L'Editoriale

Affari di guerra

Affari di guerra

Dopo oltre due anni di guerra e un milione di morti, Biden annuncia un altro regalo da 7,9 miliardi di dollari e armi a lungo raggio per colpire la Russia dall’Ucraina. Un cambio di rotta che avrà come unico effetto quello di allungare il conflitto e la spirale di sangue. Avvicinando il coinvolgimento diretto sul campo di battaglia delle forze Nato di fronte al quale Mosca è tornata ad agitare lo spettro del ricorso alle armi nucleari. Un po’ più a sud, nella Terra Promessa, martoriata da quasi un anno di brutale occupazione militare da parte di Tel Aviv, un altro conflitto rischia ora di infiammare il Medio Oriente per effetto del nuovo fronte libanese aperto da Netanyahu.

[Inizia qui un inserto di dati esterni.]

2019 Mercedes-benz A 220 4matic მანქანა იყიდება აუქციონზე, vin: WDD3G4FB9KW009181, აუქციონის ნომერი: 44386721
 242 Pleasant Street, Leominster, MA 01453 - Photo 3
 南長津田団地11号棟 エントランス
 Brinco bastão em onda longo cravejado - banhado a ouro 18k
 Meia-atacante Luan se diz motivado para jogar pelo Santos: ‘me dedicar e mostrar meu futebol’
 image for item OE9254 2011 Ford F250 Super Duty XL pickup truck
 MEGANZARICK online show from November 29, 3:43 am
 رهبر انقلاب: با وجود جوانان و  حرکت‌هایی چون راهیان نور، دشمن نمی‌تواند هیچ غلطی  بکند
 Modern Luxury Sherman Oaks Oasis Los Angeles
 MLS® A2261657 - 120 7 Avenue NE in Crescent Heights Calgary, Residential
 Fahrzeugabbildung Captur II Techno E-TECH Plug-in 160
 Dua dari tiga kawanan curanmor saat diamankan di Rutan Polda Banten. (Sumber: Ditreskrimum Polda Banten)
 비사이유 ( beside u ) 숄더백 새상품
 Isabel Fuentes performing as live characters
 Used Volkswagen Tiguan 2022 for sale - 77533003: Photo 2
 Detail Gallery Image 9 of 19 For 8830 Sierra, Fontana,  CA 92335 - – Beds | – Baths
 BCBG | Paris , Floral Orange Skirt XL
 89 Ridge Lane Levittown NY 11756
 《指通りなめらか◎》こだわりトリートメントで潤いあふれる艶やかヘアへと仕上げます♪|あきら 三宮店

Anche qui, il copione è speculare. Mentre il presidente dell’Autorità nazionale palestinese, Abu Mazen, si rivolge agli Stati Uniti per chiedere di revocare il sostegno ad Israele, il ministro della Difesa dello Stato ebraico si vanta di avere appena ottenuto altri 8,7 miliardi di dollari di aiuti proprio dagli Usa, suo principale sponsor ed alleato. Intanto si scopre, grazie a due report di Transparency International e Fossil Free Politics, che negli ultimi quattro anni la lobby del fossile ha avuto quasi novecento incontri con i vertici dell’Unione europea (leggi pezzo a pagina 4). E che questi incontri si sono intensificati dopo l’eplosione del conflitto in Ucraina. Quale effetto perverso di una guerra che, insieme ai morti, ha moltiplicato affari e appetiti. Una guerra che, a parole, tutti dicono di non volere. Ma che nei fatti conviene a molti.